Stored dataset items:
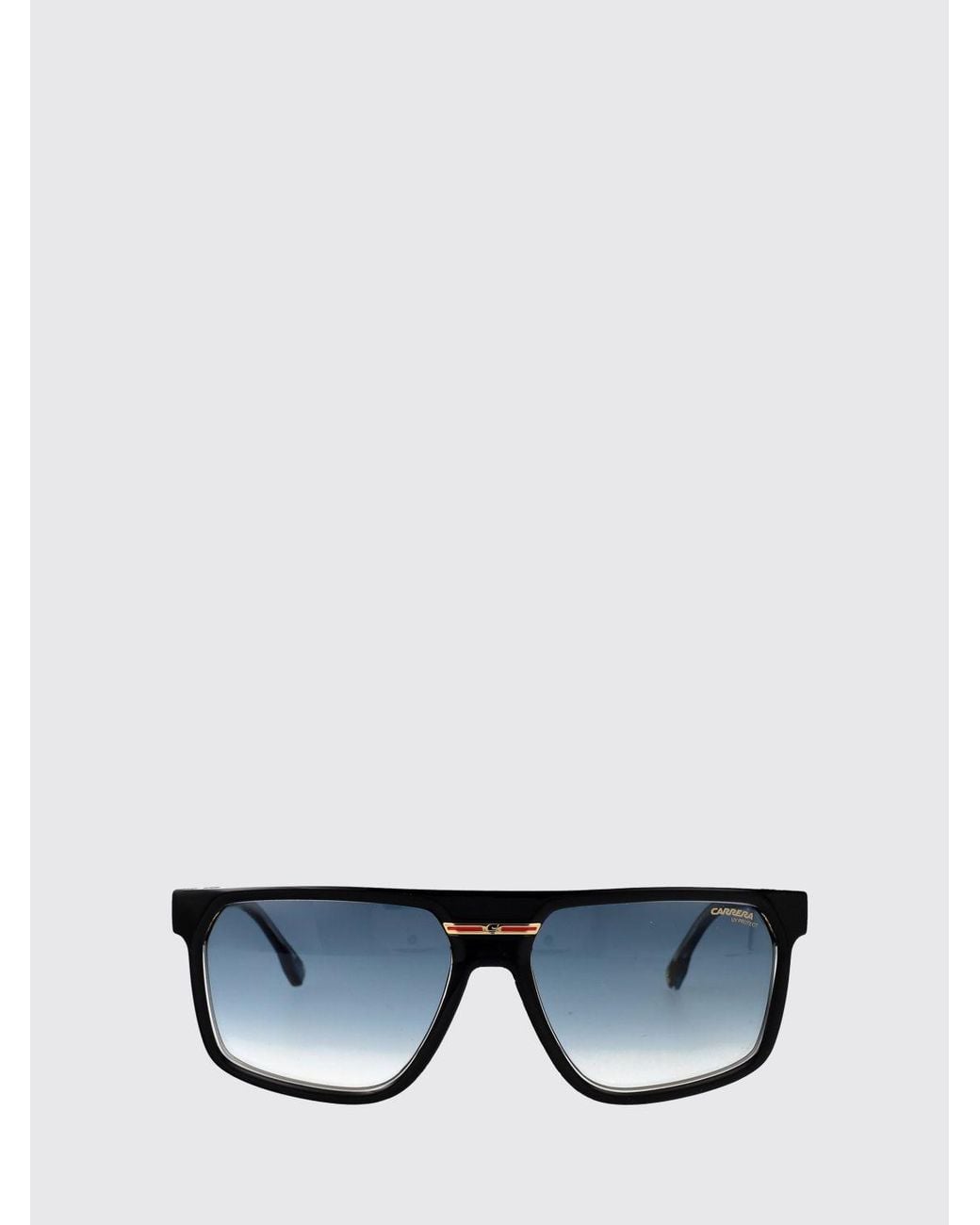 Carrera White Sunglasses for men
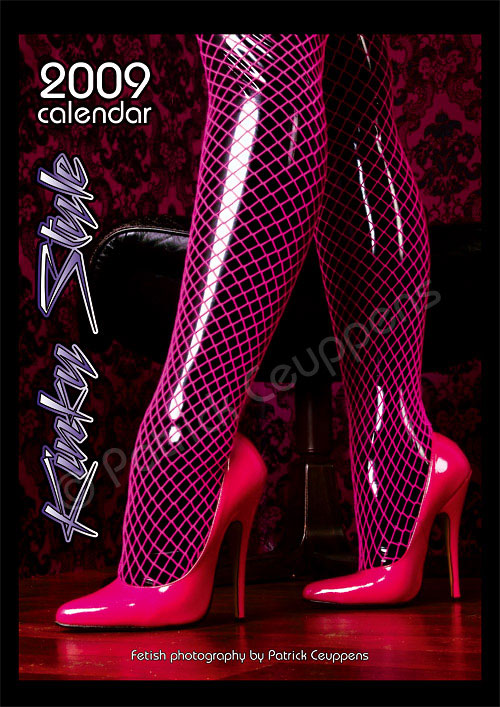 ks_cal_2009_cover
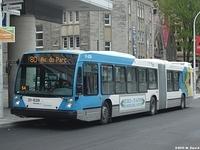 31-839 (1)
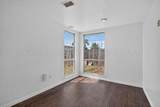 1032 Stuart Drive - Photo 28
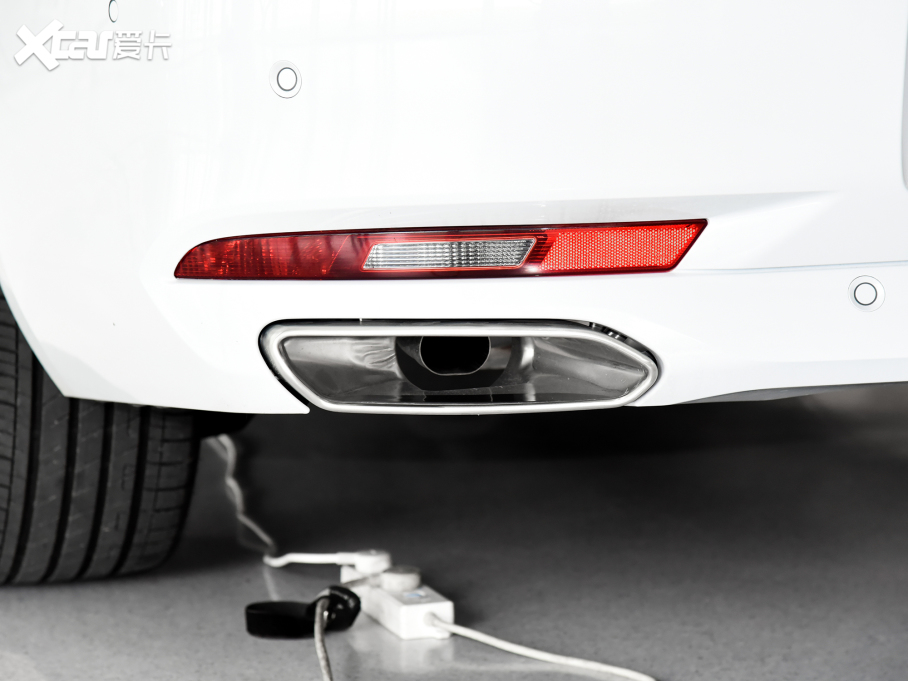 2023508L 400THP PureTech SŞ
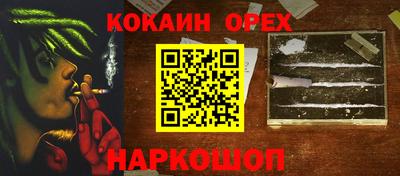 стаф Бердск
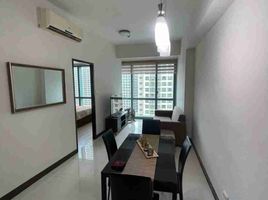 1 Bedroom Condo for rent in Southern District, Metro Manila, Makati City, Southern District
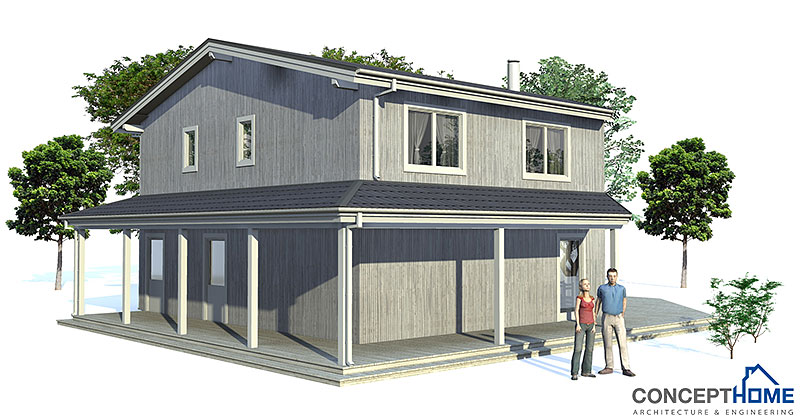 modern-house-plans_03_house_plan_87.jpg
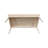 Haven Coffee Table-108131407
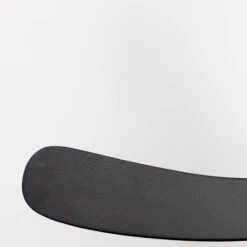 CCM Jetspeed FT660 Junior Hockey Stick 18 CCM Jetspeed FT660 Junior Hockey Stick -Baue Hockey Shop ccm hockey sticks ccm jetspeed ft660 junior hockey stick 30465595506754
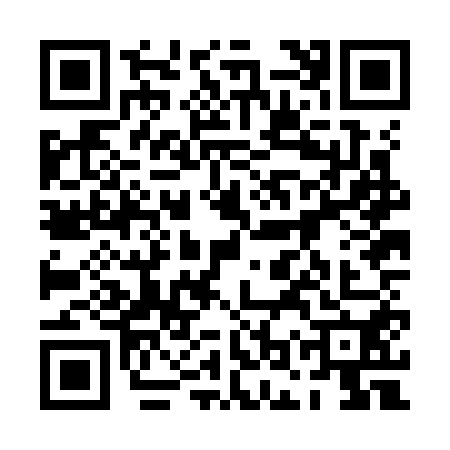 QR code for 0OZK505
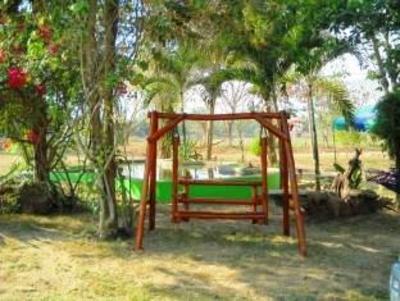 фото отеля Chatpetch Resort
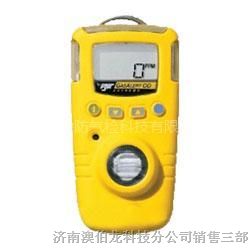 供应BW手持式一氧化碳检测仪GAXT-M 黄色检测仪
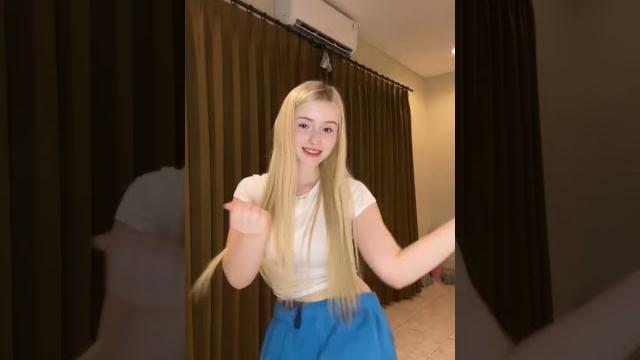 Bule barbie - inspires body positivity & plus size model | curvy style | dasha gartman bio Bule barbie - inspires body positivity & plus size model | curvy style | dasha gartman bio
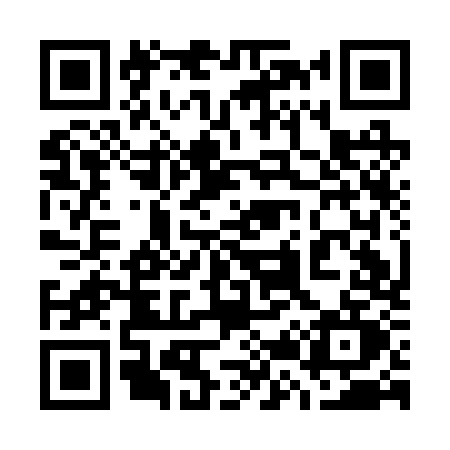 QR code for 721B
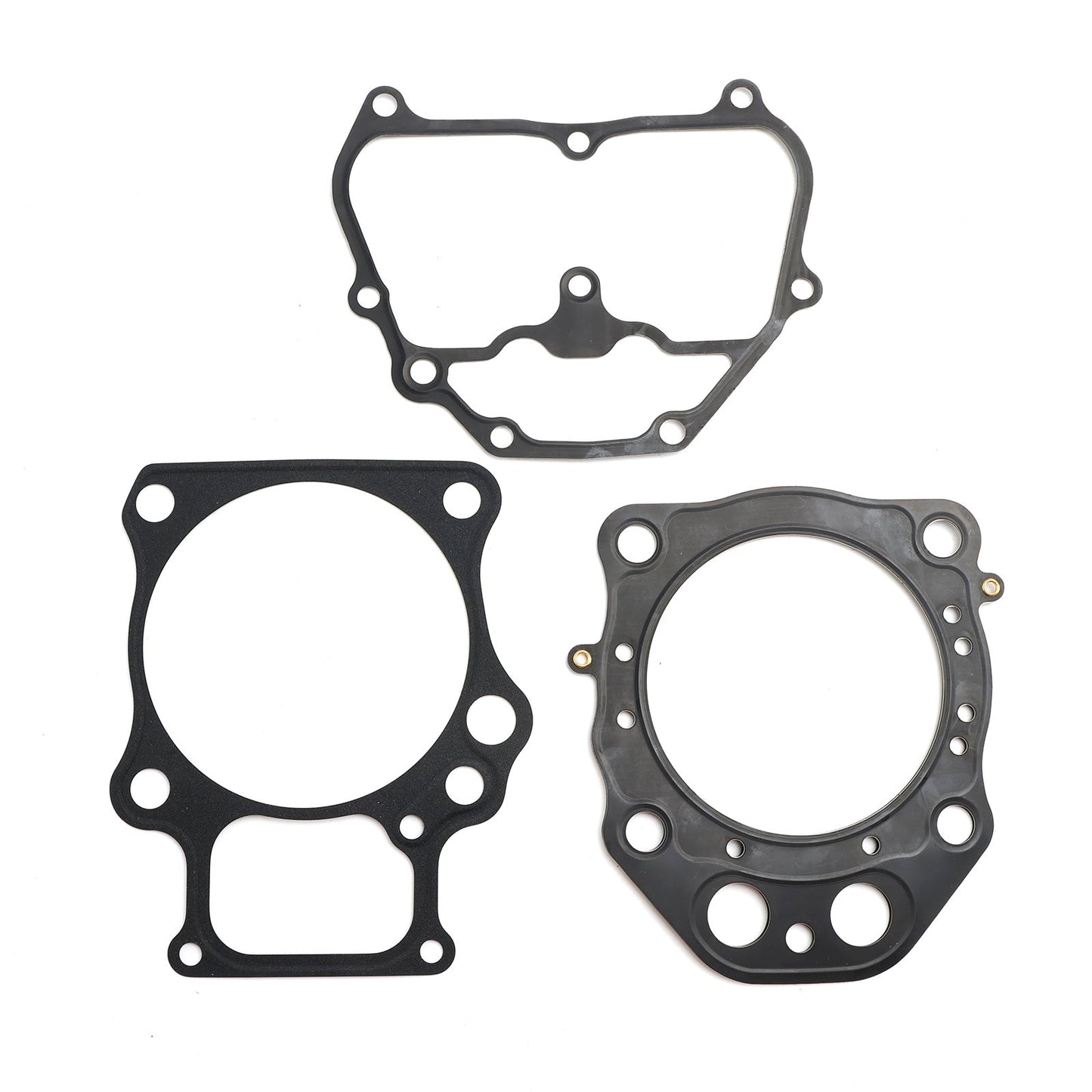 Honda 2020-2024 TRX520 Foreman Rubicon STD 96mm 518cc Cylinder Piston Gasket Top End Kit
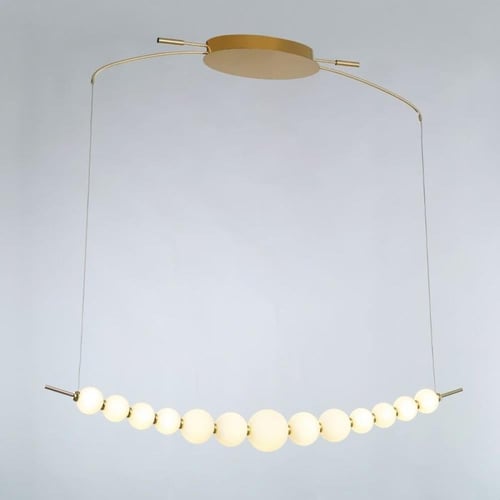 علاقي اركيف مستطيل ورملايت MD19001033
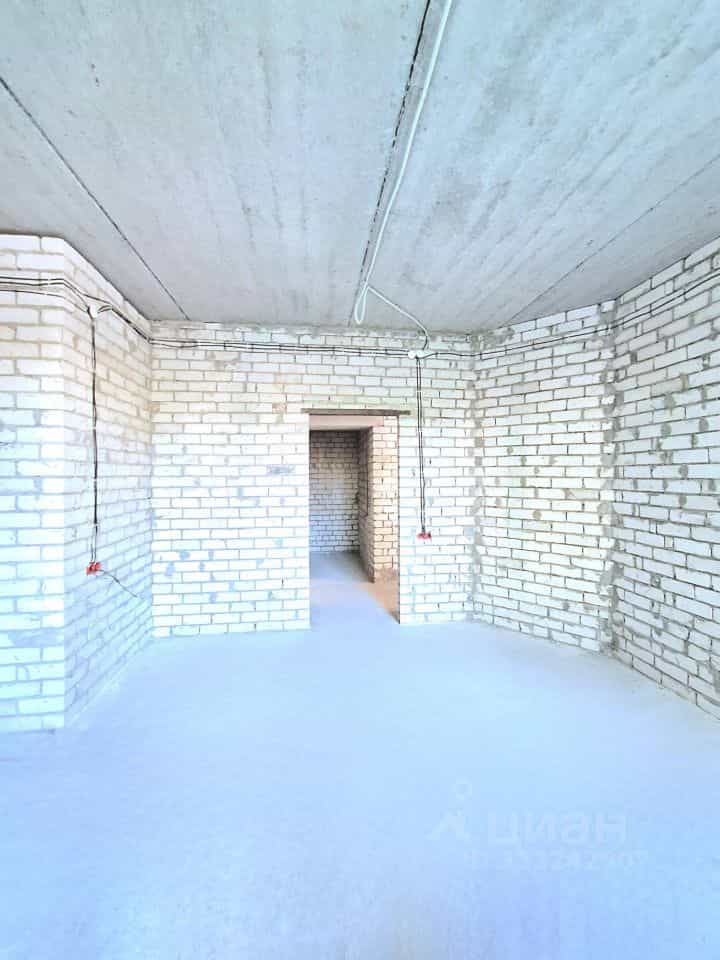 Россия, Ульяновск, Буинская улица, 38А, фото 17
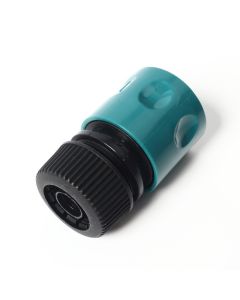 อะไหล่ HW102(HW111)#26 QUICK COUPLING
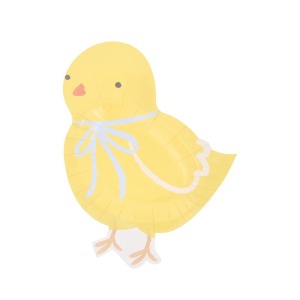 Piatti animali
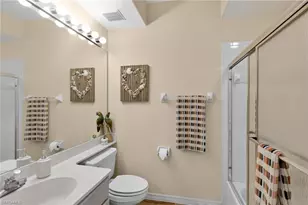 16450 Millstone Cir, Fort Myers, FL 33908 - Photo 9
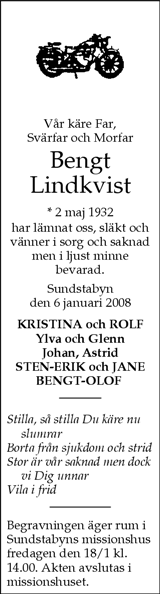 Nya Wermlands-Tidningen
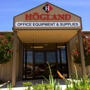 Hogland Office Equipment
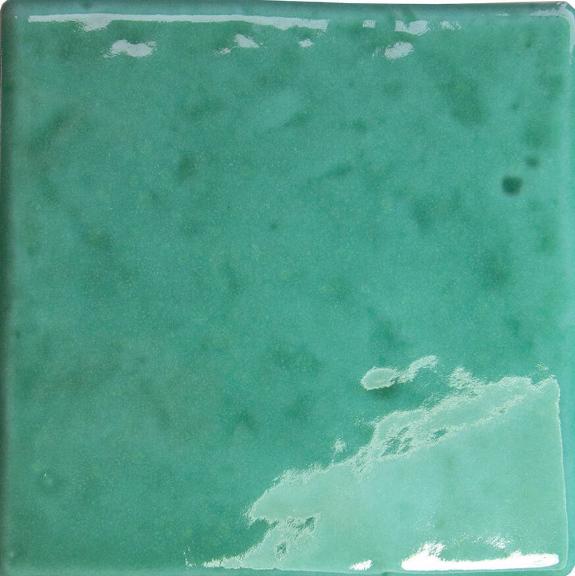 ROOTS S TURQUES GLOSS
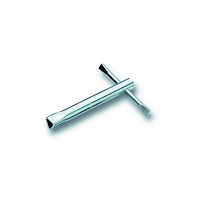 CIMCO Cimco 112906, Rostfritt stål, 1 styck, Stål, 11 mm, 7 mm, 70...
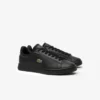 Παιδικά πάνινα Sneakers Carnaby Pro Παιδικά πάνινα Sneakers Carnaby Pro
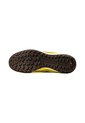 GUAYO LOTTO HOMBRE LEONEL/HGE-H6 Talla 8.5 de Lotto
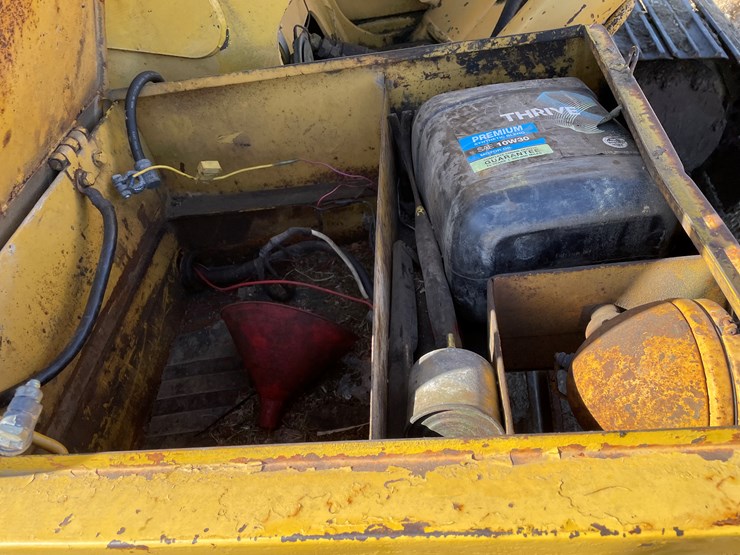 mitsubishi-ms090-8-image-15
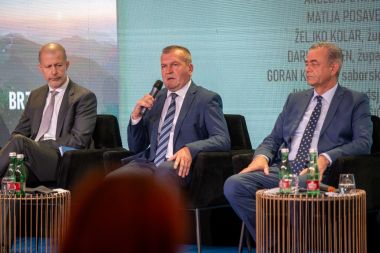 konferencija_hrvatski_sjever_brze_ceste_zeljeznica_2024 7.jpg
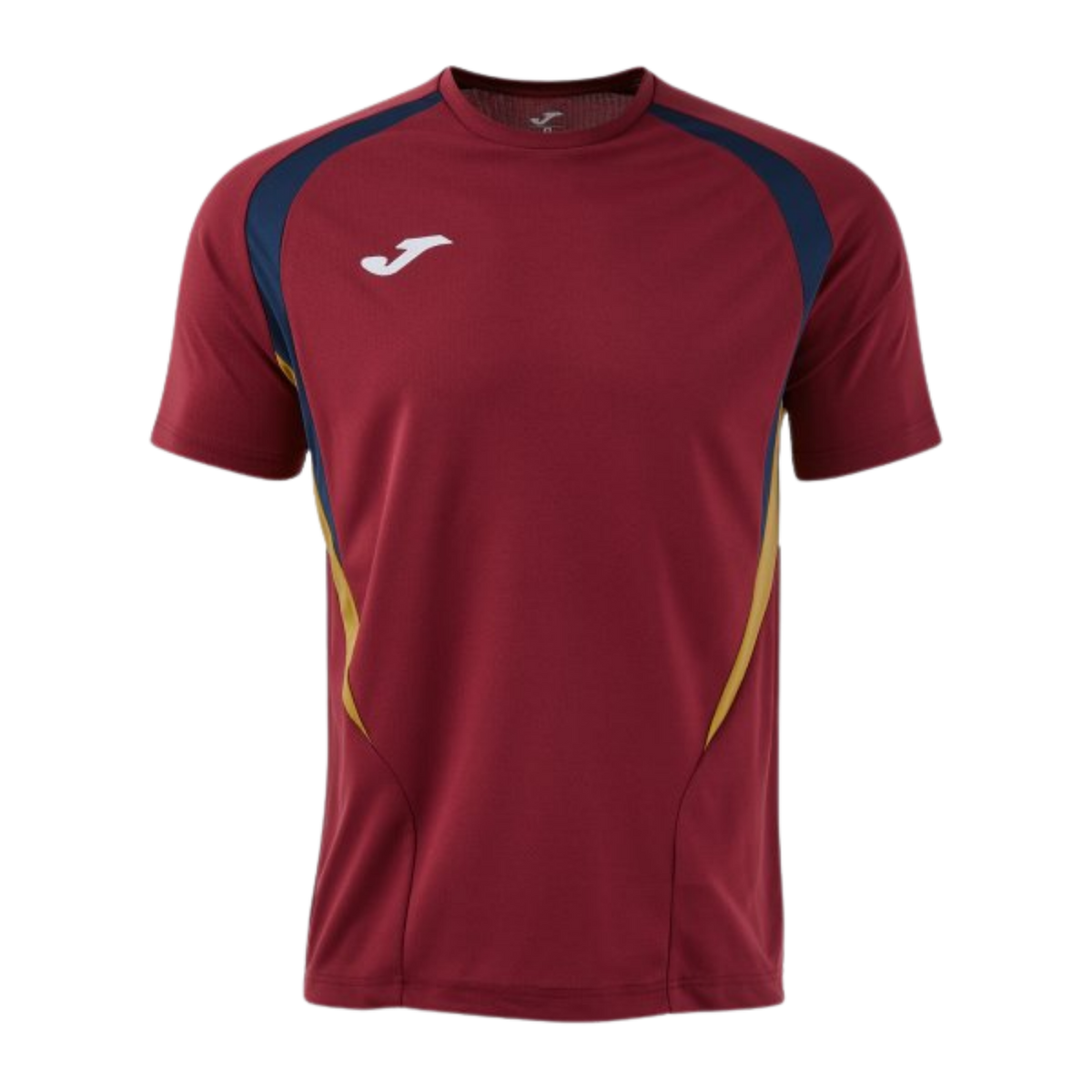 JOMA Championship 20° Kurzarmshirt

[EXERCISE BRIEF] Among the lines above, the one with "علاقي اركيف مستطيل ورملايت MD19001033" opens the part to repeat and the one with "ROOTS S TURQUES GLOSS" closes it; repeat only that part exactly, with no pictures.

[ANSWER FOR THIS EXERCISE]
 علاقي اركيف مستطيل ورملايت MD19001033
 Россия, Ульяновск, Буинская улица, 38А, фото 17
 อะไหล่ HW102(HW111)#26 QUICK COUPLING
 Piatti animali
 16450 Millstone Cir, Fort Myers, FL 33908 - Photo 9
 Nya Wermlands-Tidningen
 Hogland Office Equipment
 ROOTS S TURQUES GLOSS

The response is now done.